RECORDS FOR THIS EXERCISE:
········

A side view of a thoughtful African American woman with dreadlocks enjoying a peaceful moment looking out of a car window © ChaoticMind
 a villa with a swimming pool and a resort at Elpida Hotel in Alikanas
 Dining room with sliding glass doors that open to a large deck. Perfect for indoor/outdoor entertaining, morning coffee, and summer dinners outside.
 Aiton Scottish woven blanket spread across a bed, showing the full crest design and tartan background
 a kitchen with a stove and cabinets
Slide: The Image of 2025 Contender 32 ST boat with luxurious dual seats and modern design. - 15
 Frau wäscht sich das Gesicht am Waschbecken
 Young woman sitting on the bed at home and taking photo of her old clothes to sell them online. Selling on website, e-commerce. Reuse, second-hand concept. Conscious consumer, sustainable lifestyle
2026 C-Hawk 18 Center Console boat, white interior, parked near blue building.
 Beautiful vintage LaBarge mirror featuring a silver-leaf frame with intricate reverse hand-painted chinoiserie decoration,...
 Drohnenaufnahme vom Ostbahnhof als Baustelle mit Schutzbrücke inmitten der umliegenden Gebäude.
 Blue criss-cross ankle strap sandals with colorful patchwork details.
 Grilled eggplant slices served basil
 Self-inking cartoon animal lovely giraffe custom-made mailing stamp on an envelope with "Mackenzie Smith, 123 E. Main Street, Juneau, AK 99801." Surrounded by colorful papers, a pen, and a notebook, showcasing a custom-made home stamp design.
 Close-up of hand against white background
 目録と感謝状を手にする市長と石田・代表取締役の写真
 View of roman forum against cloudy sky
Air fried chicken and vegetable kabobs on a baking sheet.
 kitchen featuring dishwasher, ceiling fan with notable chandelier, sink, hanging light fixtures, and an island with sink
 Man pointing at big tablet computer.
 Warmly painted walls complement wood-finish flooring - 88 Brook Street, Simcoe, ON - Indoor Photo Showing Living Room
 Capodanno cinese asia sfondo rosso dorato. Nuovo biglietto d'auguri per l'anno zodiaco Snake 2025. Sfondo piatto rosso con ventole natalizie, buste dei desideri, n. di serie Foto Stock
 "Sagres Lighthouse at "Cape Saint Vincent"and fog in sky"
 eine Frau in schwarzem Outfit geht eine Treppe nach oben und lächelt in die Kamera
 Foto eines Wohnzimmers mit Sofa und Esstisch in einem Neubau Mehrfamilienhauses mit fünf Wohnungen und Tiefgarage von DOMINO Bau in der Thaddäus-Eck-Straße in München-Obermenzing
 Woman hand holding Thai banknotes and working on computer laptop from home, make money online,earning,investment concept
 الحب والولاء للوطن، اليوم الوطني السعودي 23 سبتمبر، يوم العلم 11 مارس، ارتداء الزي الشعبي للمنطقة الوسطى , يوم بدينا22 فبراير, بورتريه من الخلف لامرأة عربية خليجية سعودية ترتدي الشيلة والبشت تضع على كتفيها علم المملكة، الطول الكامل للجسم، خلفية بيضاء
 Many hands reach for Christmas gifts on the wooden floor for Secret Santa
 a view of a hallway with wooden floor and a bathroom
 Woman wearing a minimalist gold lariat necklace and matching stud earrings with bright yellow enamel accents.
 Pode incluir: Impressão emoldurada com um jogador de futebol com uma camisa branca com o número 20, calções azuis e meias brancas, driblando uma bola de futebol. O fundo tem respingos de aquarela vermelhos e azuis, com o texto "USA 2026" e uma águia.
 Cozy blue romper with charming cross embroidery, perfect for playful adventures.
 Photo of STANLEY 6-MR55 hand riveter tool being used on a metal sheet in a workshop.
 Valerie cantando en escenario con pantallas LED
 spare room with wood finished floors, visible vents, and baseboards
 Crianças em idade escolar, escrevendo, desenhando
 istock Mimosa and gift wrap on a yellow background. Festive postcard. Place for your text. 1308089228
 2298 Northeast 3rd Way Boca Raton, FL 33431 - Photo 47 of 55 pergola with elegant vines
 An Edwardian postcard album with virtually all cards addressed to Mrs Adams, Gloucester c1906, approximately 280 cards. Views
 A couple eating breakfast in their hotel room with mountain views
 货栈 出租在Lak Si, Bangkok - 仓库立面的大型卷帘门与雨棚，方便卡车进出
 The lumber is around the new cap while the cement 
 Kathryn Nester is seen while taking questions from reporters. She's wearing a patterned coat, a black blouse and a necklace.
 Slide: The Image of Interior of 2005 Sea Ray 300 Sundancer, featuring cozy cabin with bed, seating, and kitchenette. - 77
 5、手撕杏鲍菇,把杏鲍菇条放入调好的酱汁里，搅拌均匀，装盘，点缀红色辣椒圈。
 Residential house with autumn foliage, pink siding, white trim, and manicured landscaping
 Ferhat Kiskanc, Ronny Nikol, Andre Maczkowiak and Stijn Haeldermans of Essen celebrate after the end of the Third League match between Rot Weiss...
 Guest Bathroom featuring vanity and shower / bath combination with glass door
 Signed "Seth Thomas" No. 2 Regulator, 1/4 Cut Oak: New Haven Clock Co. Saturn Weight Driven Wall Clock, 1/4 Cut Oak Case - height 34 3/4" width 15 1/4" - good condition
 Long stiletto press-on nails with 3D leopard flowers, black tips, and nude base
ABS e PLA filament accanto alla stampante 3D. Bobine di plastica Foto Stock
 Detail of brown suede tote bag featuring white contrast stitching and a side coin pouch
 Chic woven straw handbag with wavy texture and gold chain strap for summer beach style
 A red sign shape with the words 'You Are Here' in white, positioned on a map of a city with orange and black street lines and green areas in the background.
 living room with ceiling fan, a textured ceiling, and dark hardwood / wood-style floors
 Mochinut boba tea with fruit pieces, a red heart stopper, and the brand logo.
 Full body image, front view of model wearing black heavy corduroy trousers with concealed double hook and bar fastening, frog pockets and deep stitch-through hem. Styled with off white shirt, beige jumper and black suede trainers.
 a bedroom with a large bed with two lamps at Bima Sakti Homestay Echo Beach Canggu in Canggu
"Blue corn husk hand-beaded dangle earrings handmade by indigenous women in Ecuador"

········

WHAT NEEDS TO BE DONE: Quote every entry exactly.

EXERCISE SOLUTION:
A side view of a thoughtful African American woman with dreadlocks enjoying a peaceful moment looking out of a car window © ChaoticMind
 a villa with a swimming pool and a resort at Elpida Hotel in Alikanas
 Dining room with sliding glass doors that open to a large deck. Perfect for indoor/outdoor entertaining, morning coffee, and summer dinners outside.
 Aiton Scottish woven blanket spread across a bed, showing the full crest design and tartan background
 a kitchen with a stove and cabinets
Slide: The Image of 2025 Contender 32 ST boat with luxurious dual seats and modern design. - 15
 Frau wäscht sich das Gesicht am Waschbecken
 Young woman sitting on the bed at home and taking photo of her old clothes to sell them online. Selling on website, e-commerce. Reuse, second-hand concept. Conscious consumer, sustainable lifestyle
2026 C-Hawk 18 Center Console boat, white interior, parked near blue building.
 Beautiful vintage LaBarge mirror featuring a silver-leaf frame with intricate reverse hand-painted chinoiserie decoration,...
 Drohnenaufnahme vom Ostbahnhof als Baustelle mit Schutzbrücke inmitten der umliegenden Gebäude.
 Blue criss-cross ankle strap sandals with colorful patchwork details.
 Grilled eggplant slices served basil
 Self-inking cartoon animal lovely giraffe custom-made mailing stamp on an envelope with "Mackenzie Smith, 123 E. Main Street, Juneau, AK 99801." Surrounded by colorful papers, a pen, and a notebook, showcasing a custom-made home stamp design.
 Close-up of hand against white background
 目録と感謝状を手にする市長と石田・代表取締役の写真
 View of roman forum against cloudy sky
Air fried chicken and vegetable kabobs on a baking sheet.
 kitchen featuring dishwasher, ceiling fan with notable chandelier, sink, hanging light fixtures, and an island with sink
 Man pointing at big tablet computer.
 Warmly painted walls complement wood-finish flooring - 88 Brook Street, Simcoe, ON - Indoor Photo Showing Living Room
 Capodanno cinese asia sfondo rosso dorato. Nuovo biglietto d'auguri per l'anno zodiaco Snake 2025. Sfondo piatto rosso con ventole natalizie, buste dei desideri, n. di serie Foto Stock
 "Sagres Lighthouse at "Cape Saint Vincent"and fog in sky"
 eine Frau in schwarzem Outfit geht eine Treppe nach oben und lächelt in die Kamera
 Foto eines Wohnzimmers mit Sofa und Esstisch in einem Neubau Mehrfamilienhauses mit fünf Wohnungen und Tiefgarage von DOMINO Bau in der Thaddäus-Eck-Straße in München-Obermenzing
 Woman hand holding Thai banknotes and working on computer laptop from home, make money online,earning,investment concept
 الحب والولاء للوطن، اليوم الوطني السعودي 23 سبتمبر، يوم العلم 11 مارس، ارتداء الزي الشعبي للمنطقة الوسطى , يوم بدينا22 فبراير, بورتريه من الخلف لامرأة عربية خليجية سعودية ترتدي الشيلة والبشت تضع على كتفيها علم المملكة، الطول الكامل للجسم، خلفية بيضاء
 Many hands reach for Christmas gifts on the wooden floor for Secret Santa
 a view of a hallway with wooden floor and a bathroom
 Woman wearing a minimalist gold lariat necklace and matching stud earrings with bright yellow enamel accents.
 Pode incluir: Impressão emoldurada com um jogador de futebol com uma camisa branca com o número 20, calções azuis e meias brancas, driblando uma bola de futebol. O fundo tem respingos de aquarela vermelhos e azuis, com o texto "USA 2026" e uma águia.
 Cozy blue romper with charming cross embroidery, perfect for playful adventures.
 Photo of STANLEY 6-MR55 hand riveter tool being used on a metal sheet in a workshop.
 Valerie cantando en escenario con pantallas LED
 spare room with wood finished floors, visible vents, and baseboards
 Crianças em idade escolar, escrevendo, desenhando
 istock Mimosa and gift wrap on a yellow background. Festive postcard. Place for your text. 1308089228
 2298 Northeast 3rd Way Boca Raton, FL 33431 - Photo 47 of 55 pergola with elegant vines
 An Edwardian postcard album with virtually all cards addressed to Mrs Adams, Gloucester c1906, approximately 280 cards. Views
 A couple eating breakfast in their hotel room with mountain views
 货栈 出租在Lak Si, Bangkok - 仓库立面的大型卷帘门与雨棚，方便卡车进出
 The lumber is around the new cap while the cement 
 Kathryn Nester is seen while taking questions from reporters. She's wearing a patterned coat, a black blouse and a necklace.
 Slide: The Image of Interior of 2005 Sea Ray 300 Sundancer, featuring cozy cabin with bed, seating, and kitchenette. - 77
 5、手撕杏鲍菇,把杏鲍菇条放入调好的酱汁里，搅拌均匀，装盘，点缀红色辣椒圈。
 Residential house with autumn foliage, pink siding, white trim, and manicured landscaping
 Ferhat Kiskanc, Ronny Nikol, Andre Maczkowiak and Stijn Haeldermans of Essen celebrate after the end of the Third League match between Rot Weiss...
 Guest Bathroom featuring vanity and shower / bath combination with glass door
 Signed "Seth Thomas" No. 2 Regulator, 1/4 Cut Oak: New Haven Clock Co. Saturn Weight Driven Wall Clock, 1/4 Cut Oak Case - height 34 3/4" width 15 1/4" - good condition
 Long stiletto press-on nails with 3D leopard flowers, black tips, and nude base
ABS e PLA filament accanto alla stampante 3D. Bobine di plastica Foto Stock
 Detail of brown suede tote bag featuring white contrast stitching and a side coin pouch
 Chic woven straw handbag with wavy texture and gold chain strap for summer beach style
 A red sign shape with the words 'You Are Here' in white, positioned on a map of a city with orange and black street lines and green areas in the background.
 living room with ceiling fan, a textured ceiling, and dark hardwood / wood-style floors
 Mochinut boba tea with fruit pieces, a red heart stopper, and the brand logo.
 Full body image, front view of model wearing black heavy corduroy trousers with concealed double hook and bar fastening, frog pockets and deep stitch-through hem. Styled with off white shirt, beige jumper and black suede trainers.
 a bedroom with a large bed with two lamps at Bima Sakti Homestay Echo Beach Canggu in Canggu
"Blue corn husk hand-beaded dangle earrings handmade by indigenous women in Ecuador"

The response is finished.